◆ **Brief**:
The copy must hold exactly the lines from the one with "Girls Trip Colored" through the end of the listing below, and nothing else, with no pictures.

◆ **Information provided**:
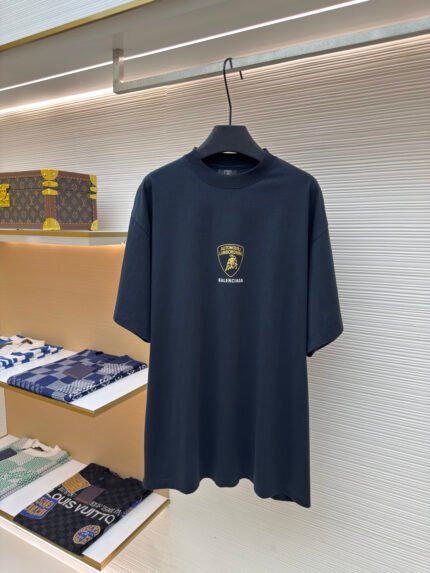 Balenciaga x Lamborghini Collab: Embroidered Lettering Short-Sleeve T-Shirt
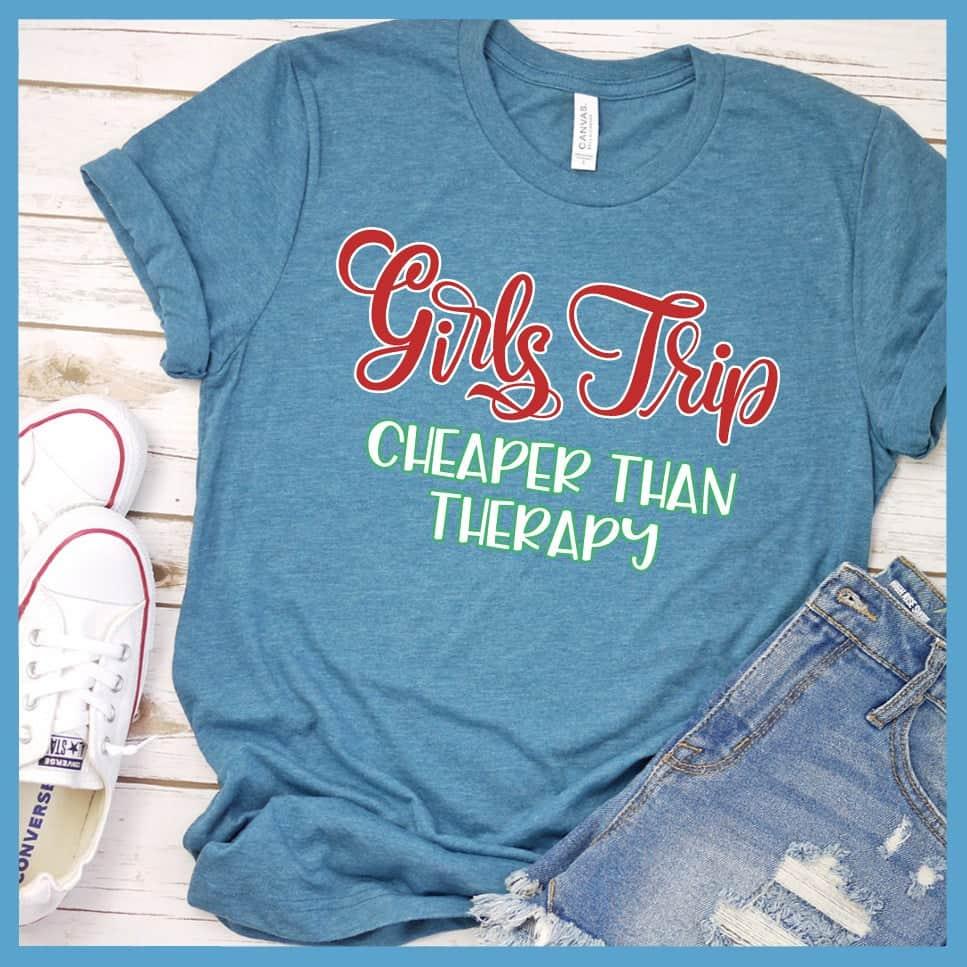 Girls Trip Colored Print Christmas Version 2 T-Shirt Heather Deep Teal - Festive Girls Trip print on casual t-shirt, perfect for holiday bonding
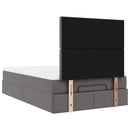 vidaXL Ottomán ágykeret matraccal Szürke 120x200cm műbőrrel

◆ **Output for this task**:
 Girls Trip Colored Print Christmas Version 2 T-Shirt Heather Deep Teal - Festive Girls Trip print on casual t-shirt, perfect for holiday bonding
 vidaXL Ottomán ágykeret matraccal Szürke 120x200cm műbőrrel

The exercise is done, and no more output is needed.